From the paddocks and pens to the dinner plate

By Yang Feiyue ( China Daily ) Updated: 2016-06-25 07:40:50

From the paddocks and pens to the dinner plate

A glimpse of a cattle and cow sales yard in Ballarat. [Photo by Yang Feiyue/ China Daily]

The country provides a wide range of high-quality red meat, such as grass-fed beef, grain-fed beef, organic beef and breed-specific products such as Wagyu and Angus, gourmet lamb, nutritious mutton and wild goat.

Egstrein collects transaction data that will help buyers and producers keep a tab on prices and let them know when the time is ripe to make certain moves in the market.

Behind the scenes a lot is done to ensure the integrity of the red-meat industry, one of local pillar economies.

"They start weighing cattle at four o'clock in the morning and finish at eight," Egstrein says.

Cattle are usually put on a fast 10 hours before they are weighed so they are not carrying too much water or feed.

It takes a few hours to make other arrangements such as putting the data related to the cattle on the information board of the pen where the cattle are sent so potential buyers can easily appraise what it is that is being offered to them.

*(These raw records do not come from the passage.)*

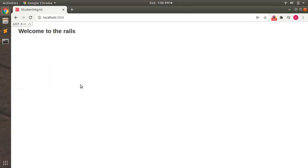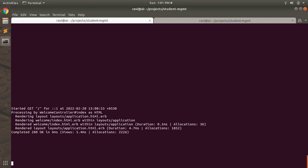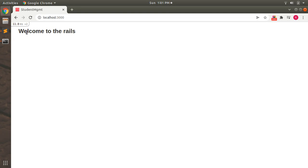Let's understand how it works. Right now I'm at the root page of my Rails application. If I look at the terminal and refresh, you can see that the request type is GET and it is processed by the index action of the welcome controller. It is rendered inside the application layout, and the template rendered is welcome/index.html.erb from the welcome controller.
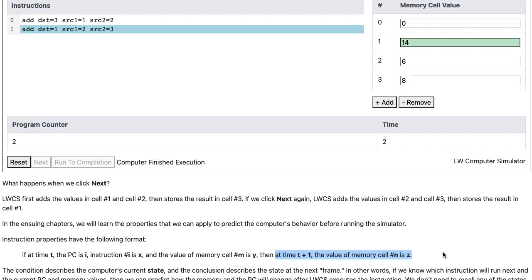In other words, if we know which instruction will run next and the current PC and memory values, then we can predict how the memory and the PC will change after LWCS executes the instruction. We don't need to recall any of the states in the past.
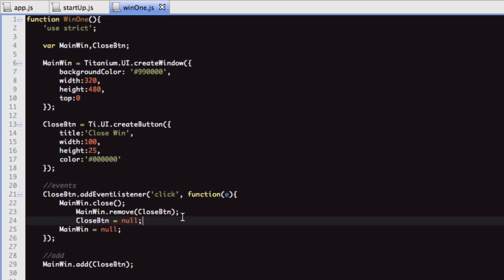As I've mentioned in another series, when you want to release the object from memory, you want to put anything other than a Titanium object into that variable. In this instance I'm putting null, but that could easily be the string 'Gary' or whatever you want. I just put null because I find it easier, and then I know there's nothing in that variable. As long as the Titanium object is not referenced in a variable anymore, it will be removed from memory.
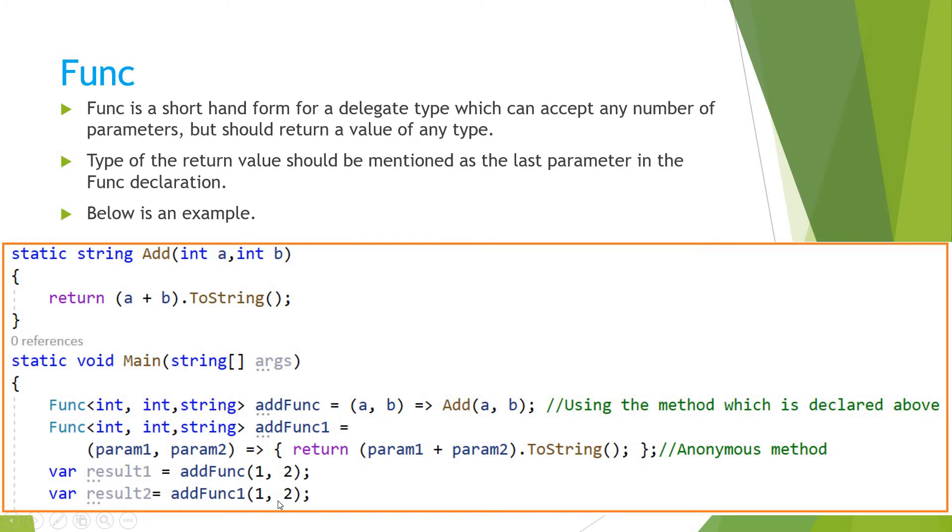1(1, 2). And this form, func, is a shorthand form for the delegate. Like you might have seen my video about the action where I have created the action, I have shown an example with the delegate.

When cattle are born an electronic tag is attached to one of their ears so diseases, provenance, the name of owners and transactions can be tracked, Egstrein says.

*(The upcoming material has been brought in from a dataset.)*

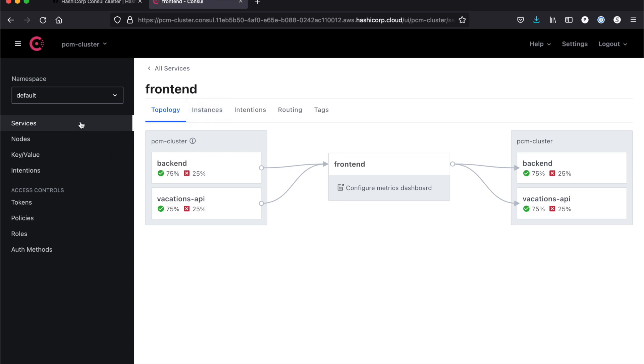This has been a high-level overview of how to get started with Consul. I hope you found it informative. If you need additional information, make sure you go to learn.hashicorp.com. Thanks a lot and happy connecting.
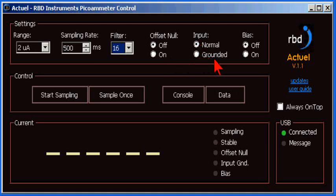The input can be grounded or shorted when not measuring current. This is useful for when the 9103 is connected to an Auger or XPS spectrometer specimen stage, which keeps the sample from charging.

About 500 full-blooded cattle roam around a paddock that belongs to Nick Sher at Ballan, 35 kilometers from Ballarat. The farm covers 280 hectares and the green grass is in such good trim that the property could easily be mistaken for a golf course. Sher and his wife Vicki run the farm with the help of their son Jack.

Some of their main responsibilities are animal care, preparing cattle for artificial insemination, farm maintenance work, moving hay and analyzing meat data.

Collecting hay is a demanding part of the work, says Nick Sher, adding that it is all the more crucial when grass will not grow well because of inadequate rainfall at certain times of the year. Right breeding is also a decisive factor in ensuring the cattle quality.

Cattle producers can get data on their cows once they are killed. Since full-blooded cattle can be traced back to their parents, the data on their offspring can help the Shers find out the best bull for breeding and take their semen in advance for future artificial insemination.

Reaching a decision can take several years because a lot of offspring data are needed to ensure consistency.